TASK TO CARRY OUT:
Exact reproduction, images excluded: write out the records below.

>>>

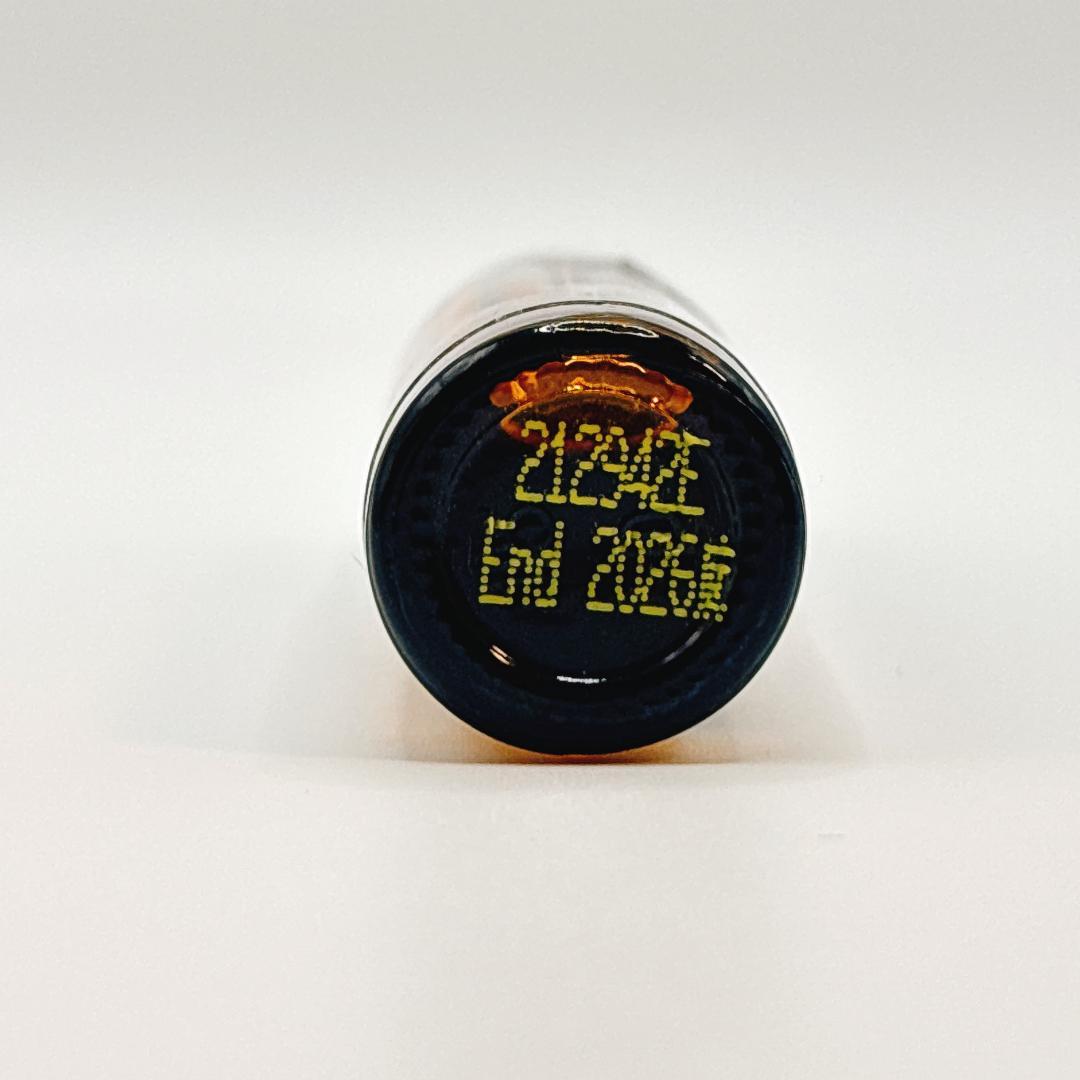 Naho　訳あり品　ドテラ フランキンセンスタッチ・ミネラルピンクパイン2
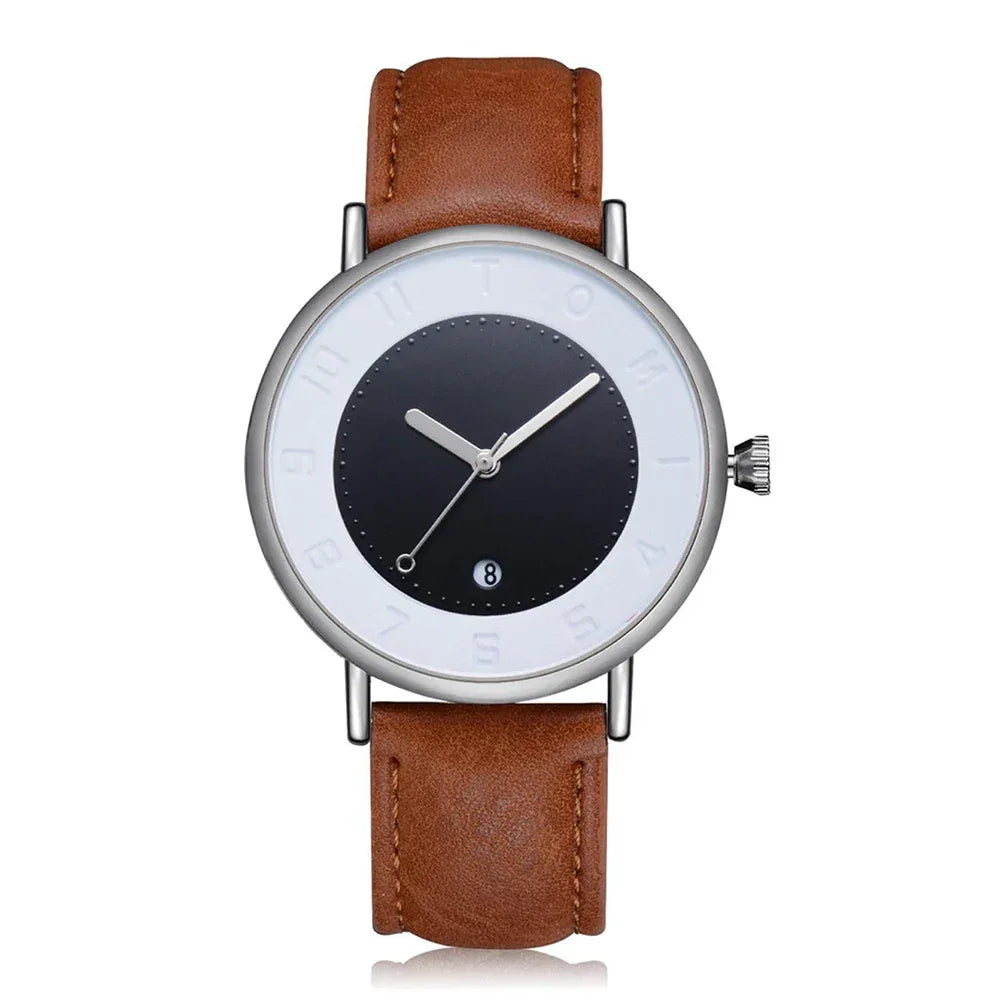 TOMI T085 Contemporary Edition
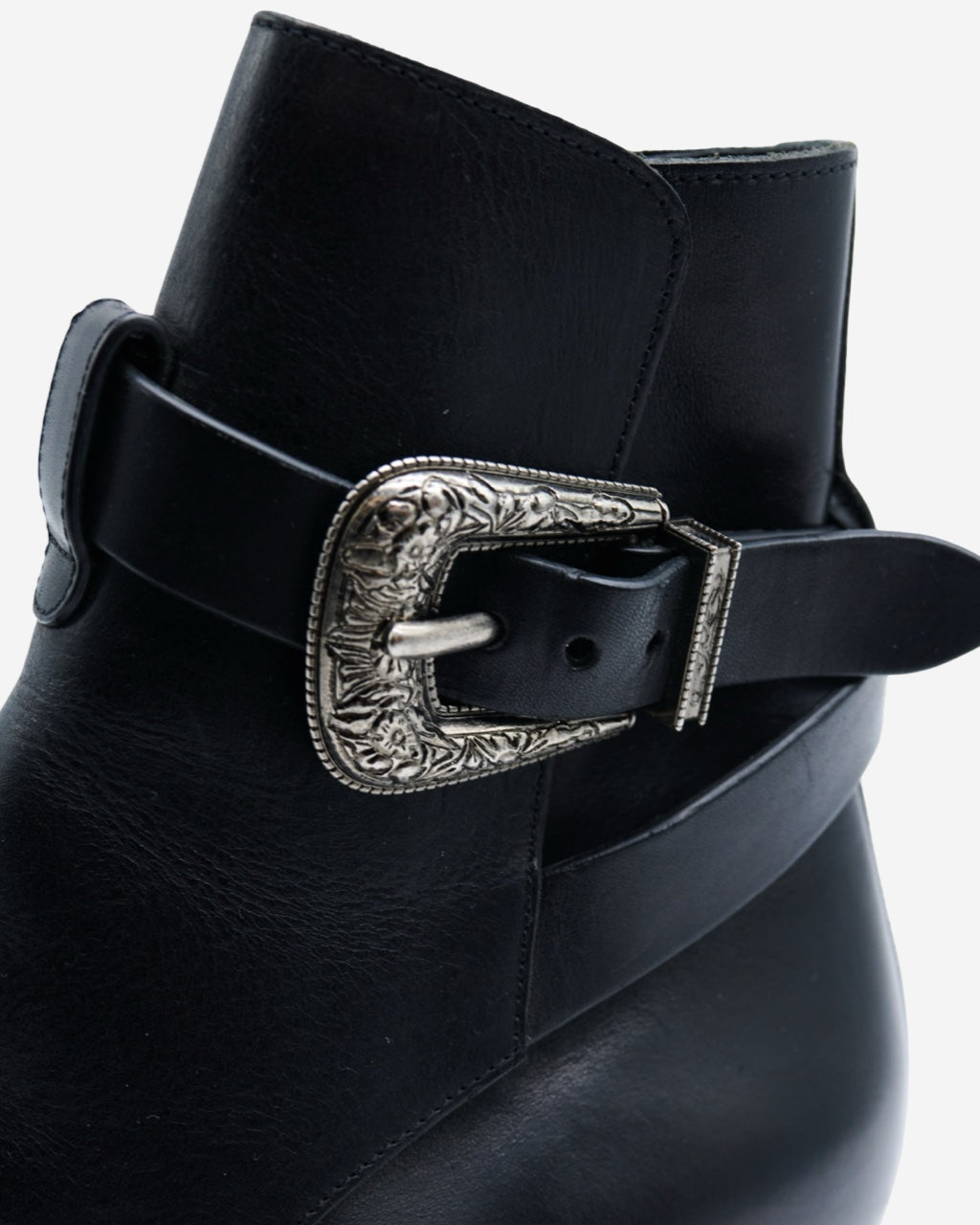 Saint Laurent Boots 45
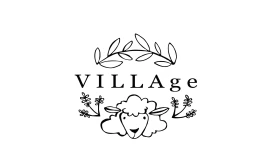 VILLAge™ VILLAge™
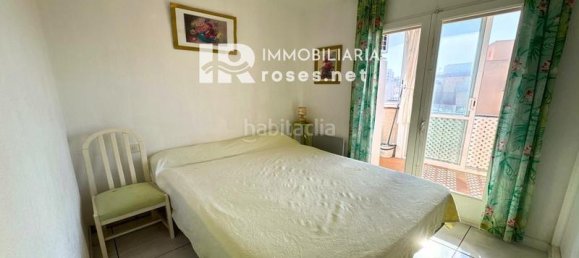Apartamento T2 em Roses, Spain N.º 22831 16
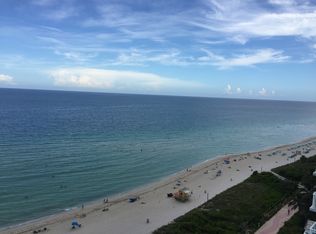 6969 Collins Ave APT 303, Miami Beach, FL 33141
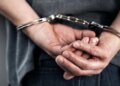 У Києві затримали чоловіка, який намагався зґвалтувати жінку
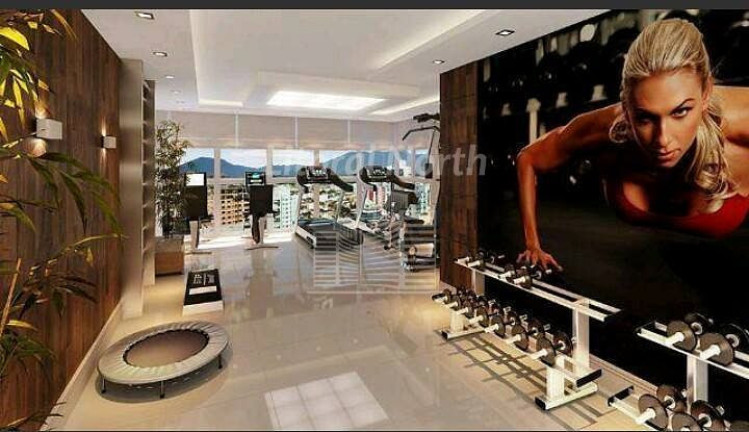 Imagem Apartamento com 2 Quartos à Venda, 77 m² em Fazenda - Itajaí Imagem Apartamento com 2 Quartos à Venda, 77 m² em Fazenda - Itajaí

<<<

YOUR RESPONSE:
 Naho　訳あり品　ドテラ フランキンセンスタッチ・ミネラルピンクパイン2
 TOMI T085 Contemporary Edition
 Saint Laurent Boots 45
 VILLAge™ VILLAge™
Apartamento T2 em Roses, Spain N.º 22831 16
 6969 Collins Ave APT 303, Miami Beach, FL 33141
 У Києві затримали чоловіка, який намагався зґвалтувати жінку
 Imagem Apartamento com 2 Quartos à Venda, 77 m² em Fazenda - Itajaí Imagem Apartamento com 2 Quartos à Venda, 77 m² em Fazenda - Itajaí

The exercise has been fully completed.